Short web captions:
=====

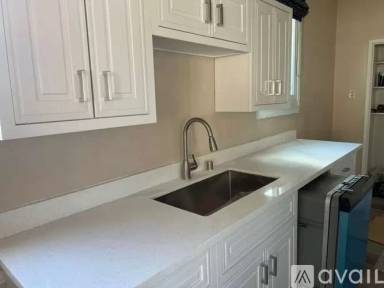 Main picture of 2418 Lombard St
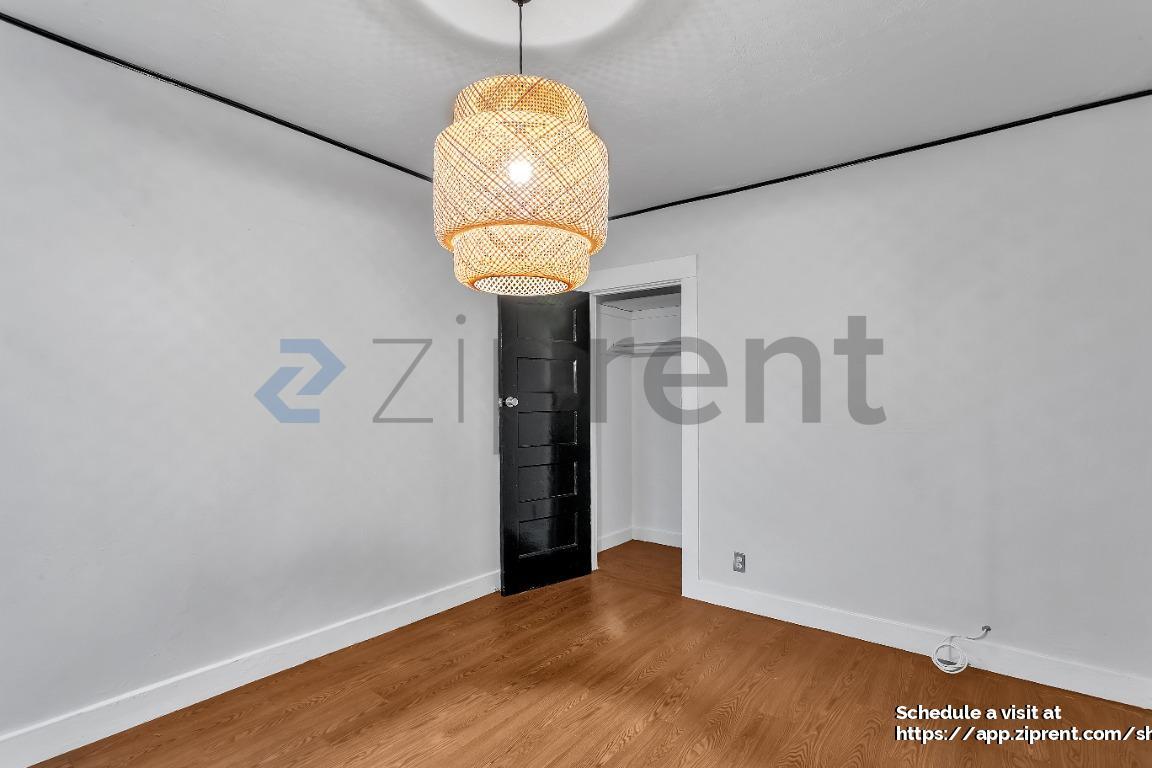 Building Photo - 484 Waller St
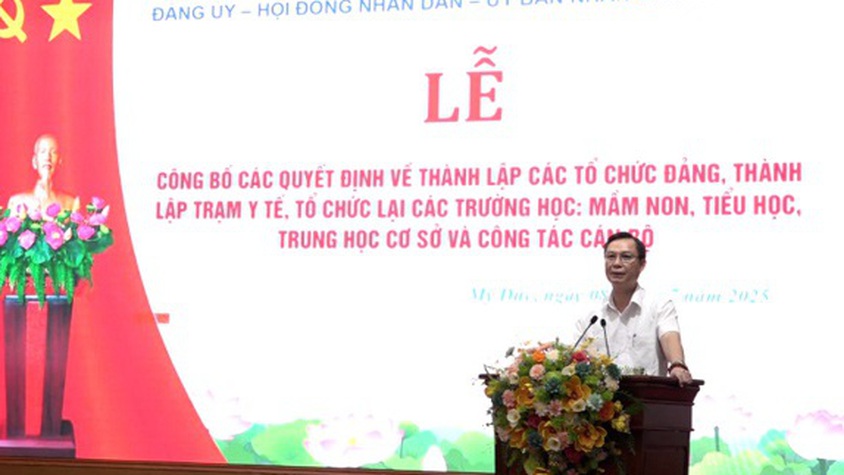 Xã Mỹ Đức công bố các quyết định về thành lập các tổ chức Đảng, thành lập trạm y tế, tổ chức lại các trường học: mầm non, tiểu học, trung học cơ sở và công tác cán bộ.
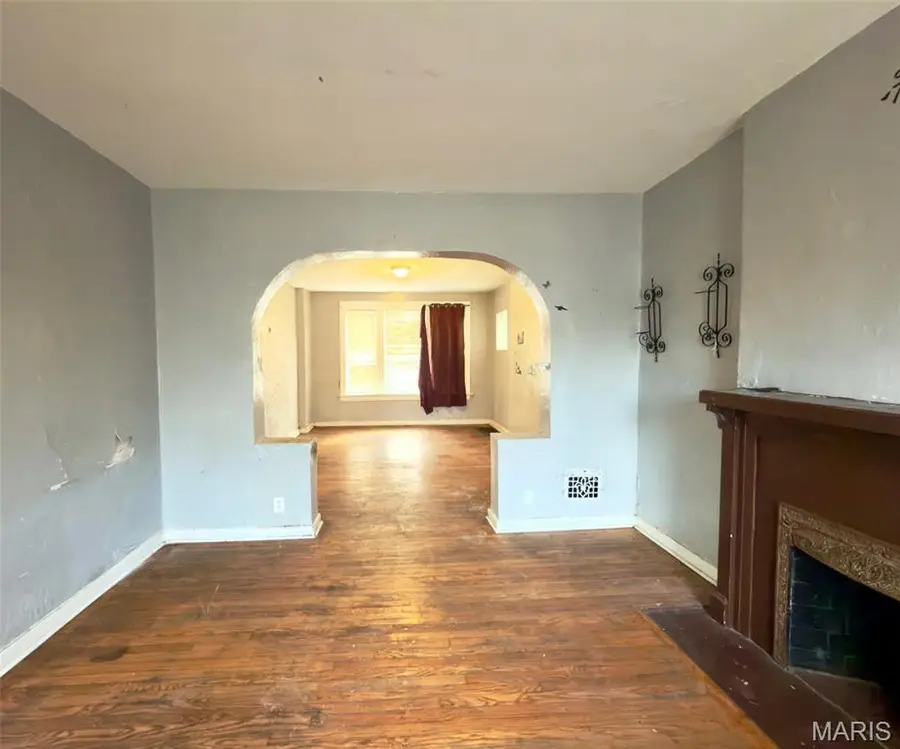 3740 Meramec Street, Saint Louis, MO 63116 - #2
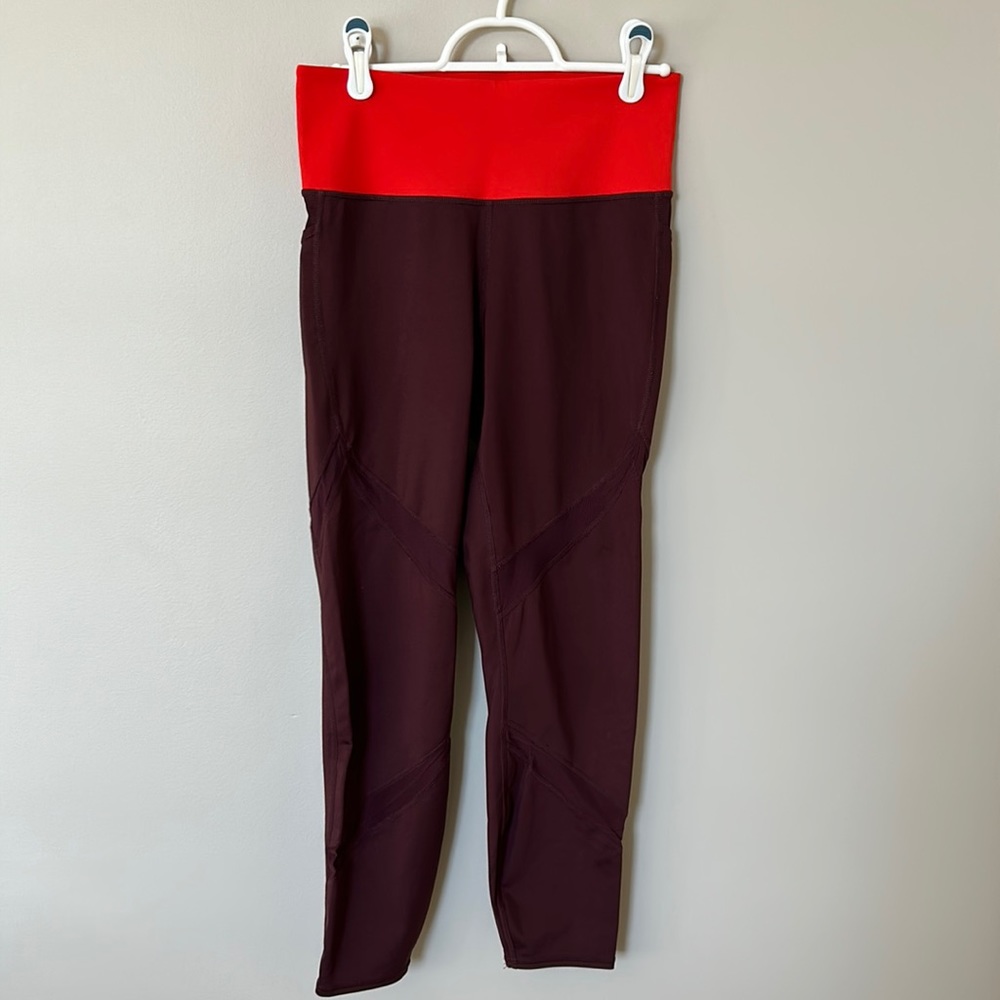 Athleta Women’s Tenacity Tight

=====

▶ [Aim of the task]: What is needed is a word-for-word copy of the lines from the one containing "Building Photo - 484 Waller St" through the final line of the records above, both included, with the pictures left out.

▶ [Answer to this exercise]:
 Building Photo - 484 Waller St
 Xã Mỹ Đức công bố các quyết định về thành lập các tổ chức Đảng, thành lập trạm y tế, tổ chức lại các trường học: mầm non, tiểu học, trung học cơ sở và công tác cán bộ.
 3740 Meramec Street, Saint Louis, MO 63116 - #2
 Athleta Women’s Tenacity Tight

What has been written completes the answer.